### The problem:
Lines from the one with "Used 2024 Hyundai Elantra SEL image 31" up to and including the one with "Hà Nội: Đẩy" are to be copied exactly from the records below, without their pictures.

### Supplied entries:
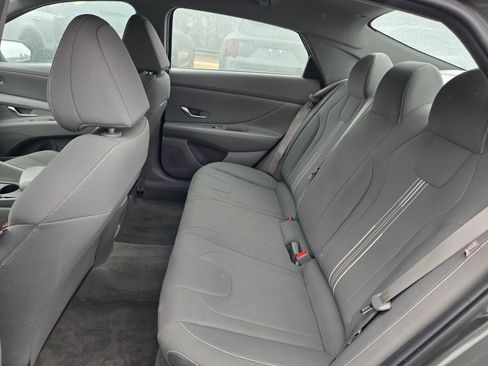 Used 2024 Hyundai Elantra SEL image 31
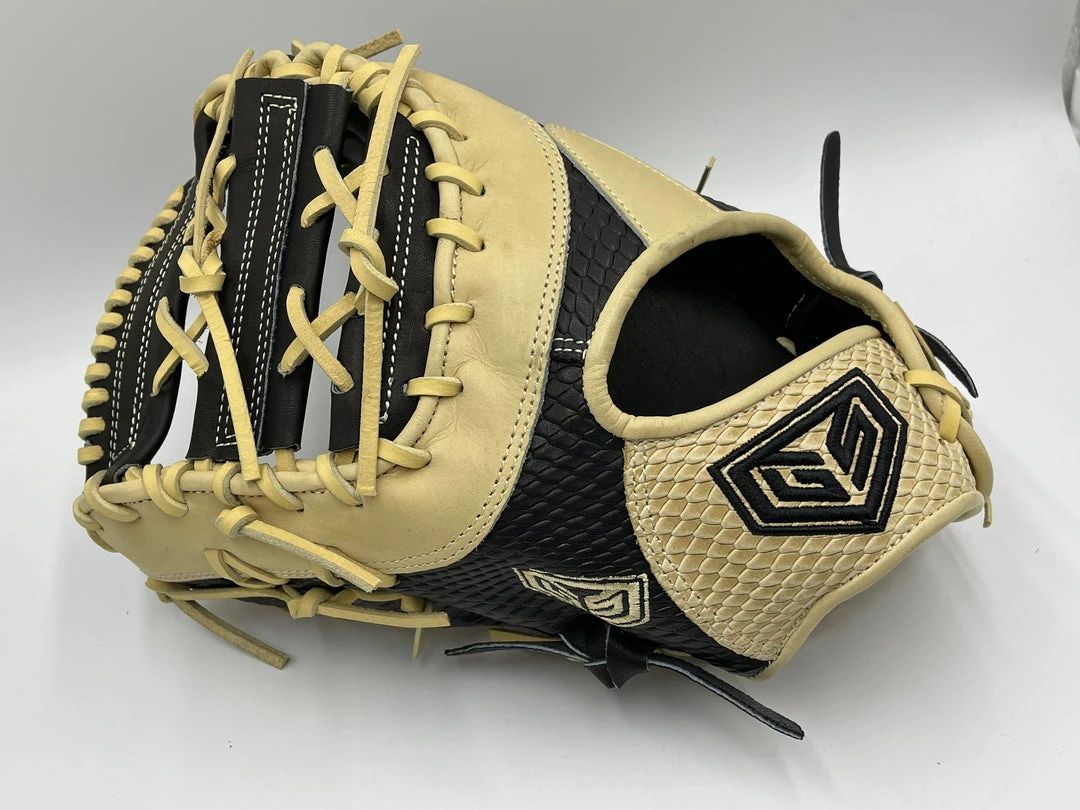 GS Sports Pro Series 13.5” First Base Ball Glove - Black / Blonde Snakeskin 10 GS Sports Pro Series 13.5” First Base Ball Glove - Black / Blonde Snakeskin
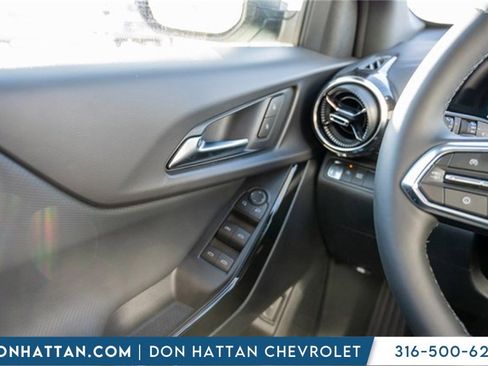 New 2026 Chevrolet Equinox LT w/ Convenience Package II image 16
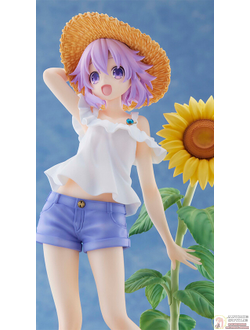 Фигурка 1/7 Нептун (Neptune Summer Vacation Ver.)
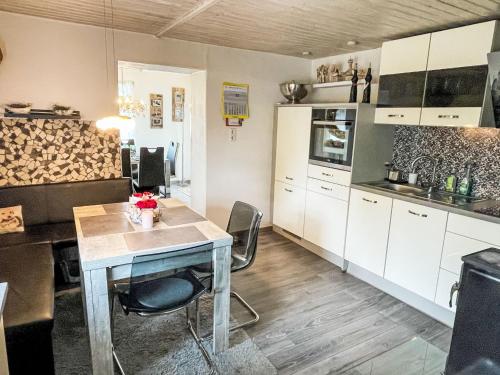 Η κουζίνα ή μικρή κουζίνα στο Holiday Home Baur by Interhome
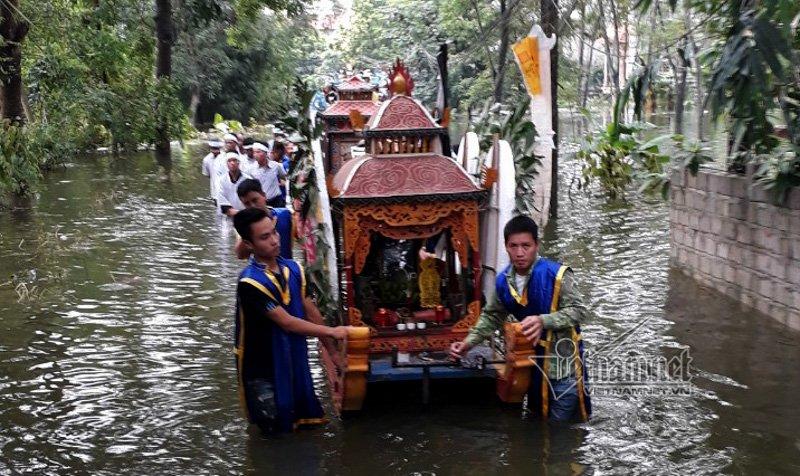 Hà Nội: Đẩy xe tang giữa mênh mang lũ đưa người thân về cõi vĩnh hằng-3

--

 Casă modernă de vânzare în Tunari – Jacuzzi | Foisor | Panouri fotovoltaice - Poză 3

### Task result:
 Used 2024 Hyundai Elantra SEL image 31
 GS Sports Pro Series 13.5” First Base Ball Glove - Black / Blonde Snakeskin 10 GS Sports Pro Series 13.5” First Base Ball Glove - Black / Blonde Snakeskin
 New 2026 Chevrolet Equinox LT w/ Convenience Package II image 16
 Фигурка 1/7 Нептун (Neptune Summer Vacation Ver.)
 Η κουζίνα ή μικρή κουζίνα στο Holiday Home Baur by Interhome
 Hà Nội: Đẩy xe tang giữa mênh mang lũ đưa người thân về cõi vĩnh hằng-3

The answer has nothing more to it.